Dr Helen Weeds: I have been thinking a little since I got this invitation about the difference ownership makes in this context of delivery of PSB. The first thing is that, while Channel 4 is in public ownership, the expenditure that it can make, to the extent that public service broadcasting is doing something beyond or other than what a fully commercial organisation would want to be doing, entails either higher expenditure on production or, by producing less obviously popular programming, lower advertising revenues. An entity in public ownership could spend as much as its entire budget on doing those kinds of things, if it wished to, so that is quite a loose constraint. While it is a public organisation, you can just tell it what it is going to do and, as long as it can finance those activities through the advertising revenue it raises, it could do that.
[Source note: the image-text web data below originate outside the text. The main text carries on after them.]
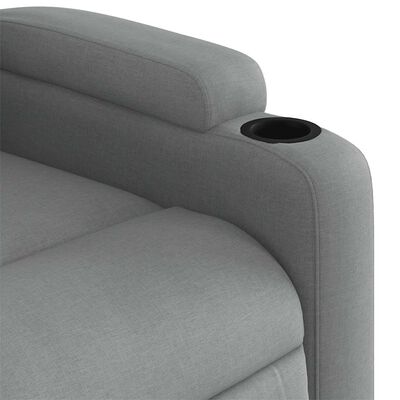 Close-up of top corner of armrest with rounded edge
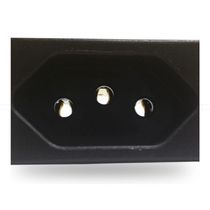 Tomada Preto 2 Polos + Terra  10A 250V Sem Placa TPA23E3F Margirius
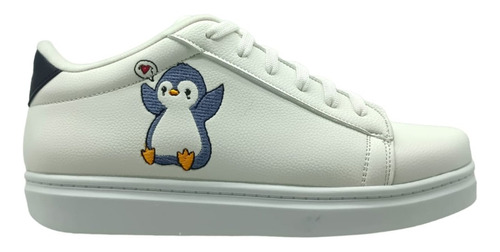 Tenis Bordados Mod. Pingüinito Para Niño Y Niña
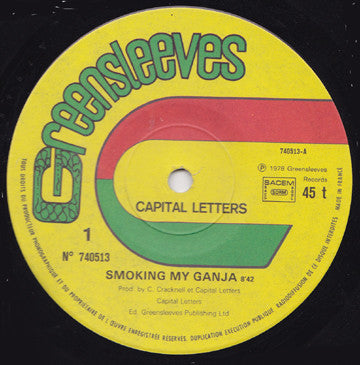 Capital Letters ~ Smoking My Ganja (Vinyl) - Djungel & Jazz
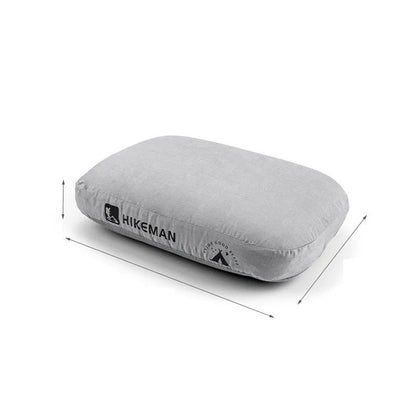 Memory Foam Camping Pillow - Full-Size Rollable Camp Pillow with Removable Washable Cover and Stuff Sack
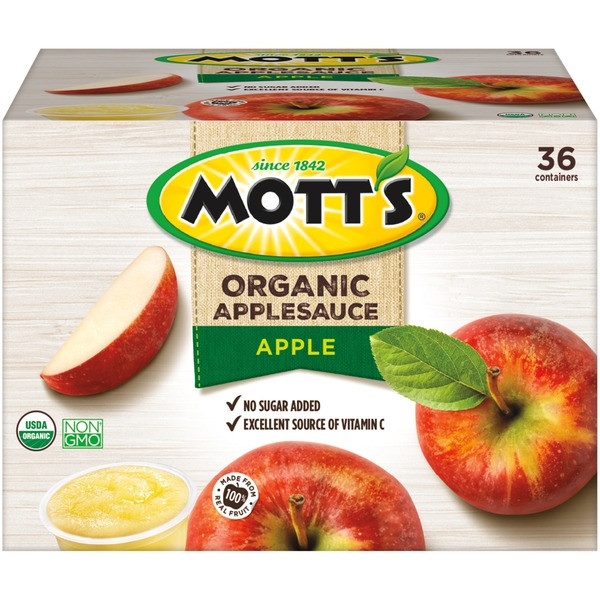 Motts Organic Applesauce
 Mott s Organic Apple Applesauce 3 9 oz from Costco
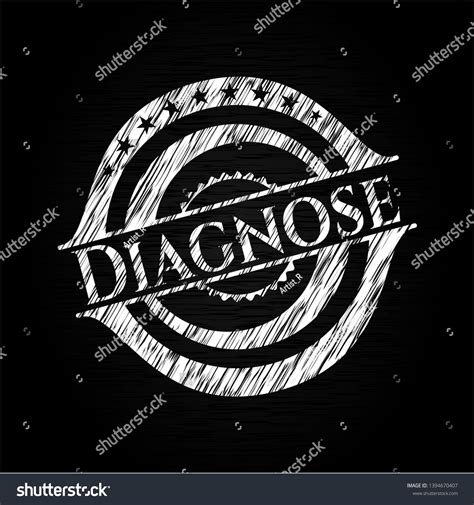 Diagnose Chalkboard Emblem Vector Illustration Detailed Stock Vector ... 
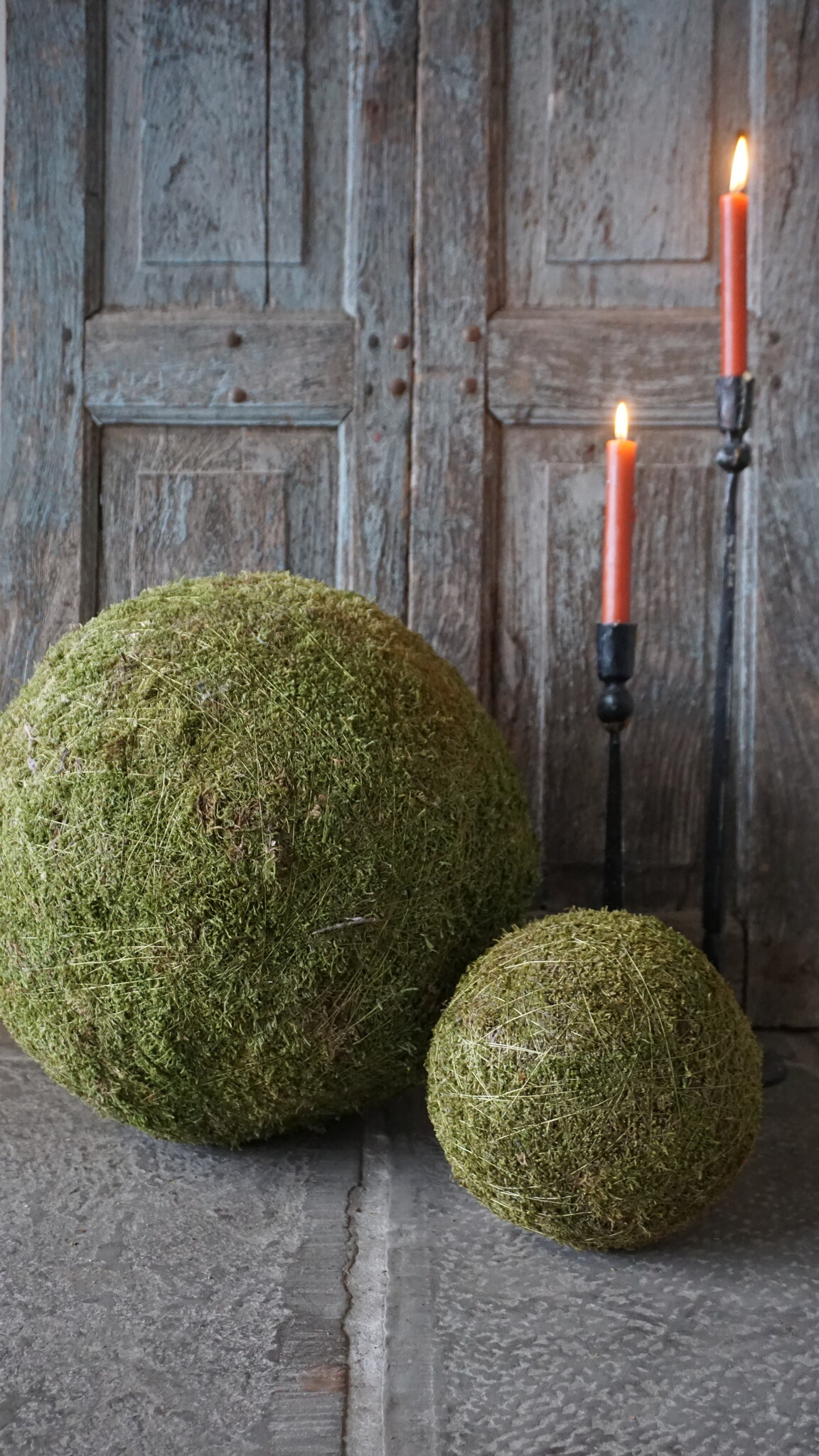 Rene Houtman Decoratiebol Mos | Diameter 20 cm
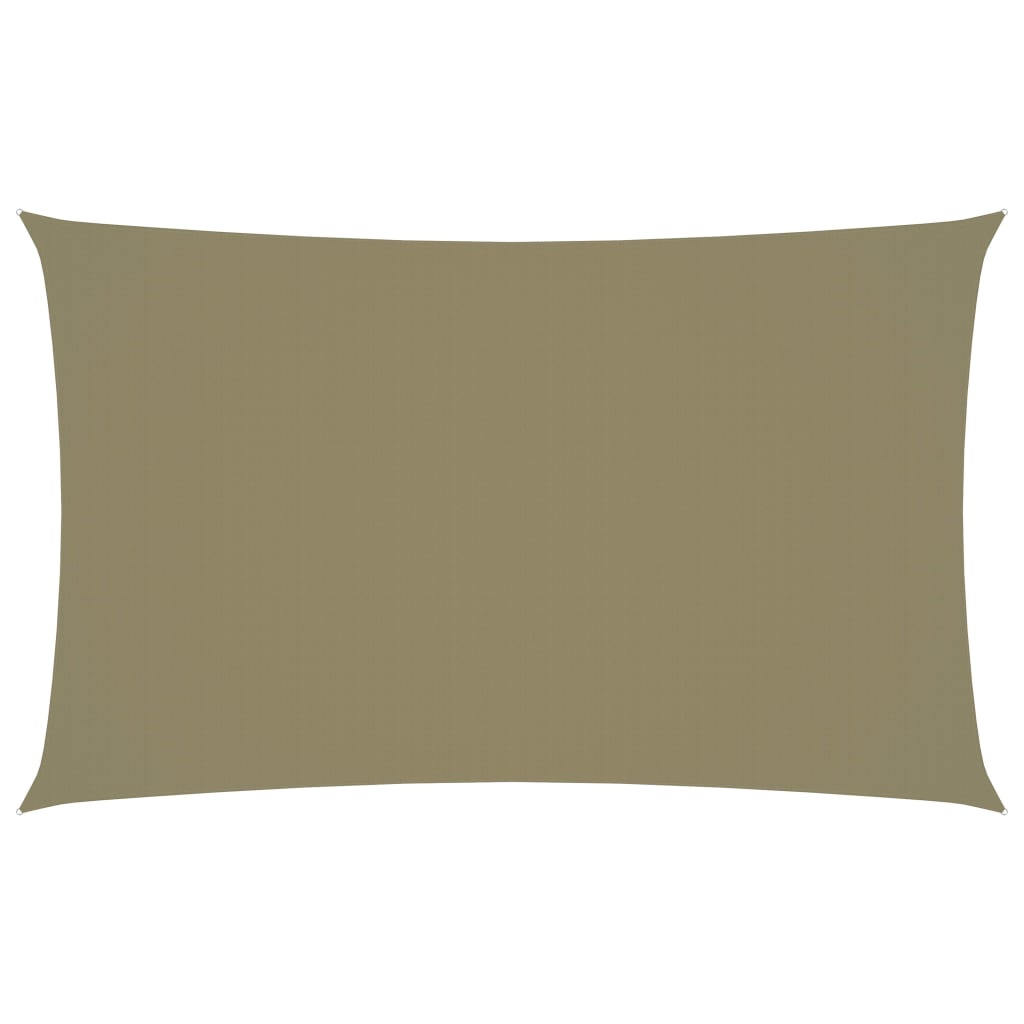 Berkfield Sunshade Sail Oxford Fabric Rectangular 3x6 m Beige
Once you privatise a broadcaster, like any other entity, it has a choice to make: it does not have to continue as a public service broadcaster, just as ITV and Channel 5 could decide that they no longer want a public service licence. A privatised company will only spend over and above what it wants to do anyway, as a normal commercial broadcaster, by the amount that it values the benefits of being a PSB. What are the benefits? Prominence undoubtedly raises advertising revenue. Gifted spectrum is not worth so much these days.

It becomes a very different calculation when the entity is commercially owned and is looking to make a profit. It can do that anyway as a purely commercial broadcaster. It will only invest in PSB to the extent that PSB is something costly over and above what it would make in any case, so that is a different calculation, which would imply that you can, in a sense, get more public service delivery from a public entity than a private one.

As Mark has indicated, there is clearly a trade-off. If you are looking to make money through the sale, lighter obligations will help you maximise the revenues from that, as in any other auction of a public good—for example, spectrum licences in the mobile sector, where there is a trade-off with build requirements. There is the same sort of thing here—a trade-off with PSB obligations. There will be a direct relationship between the obligations and the money that you will raise, if that is an objective. It may or may not be your objective.

The other thing to say is, once you put an entity into private hands, you need to think about the regulatory relationship in a different way. As we have seen with privatised utilities, you probably need the regulatory contract to be much clearer than it has been. I do not want to comment too much about the specifics of Channel 4 and whether it has delivered on its remit; Ofcom and others are better placed than me to comment on that. When an entity is in public hands, softer lines of control could be used whereas, with an entity in commercial hands, you need much clearer lines as to what it is meant to be doing, what the metrics are, how that is measured and what counts as having delivered on the obligations. Otherwise, you would end up with a situation where Ofcom or whoever is overseeing the licence has the ultimate sanction, simply the nuclear option, of terminating the licence. You do not really want to go down that route.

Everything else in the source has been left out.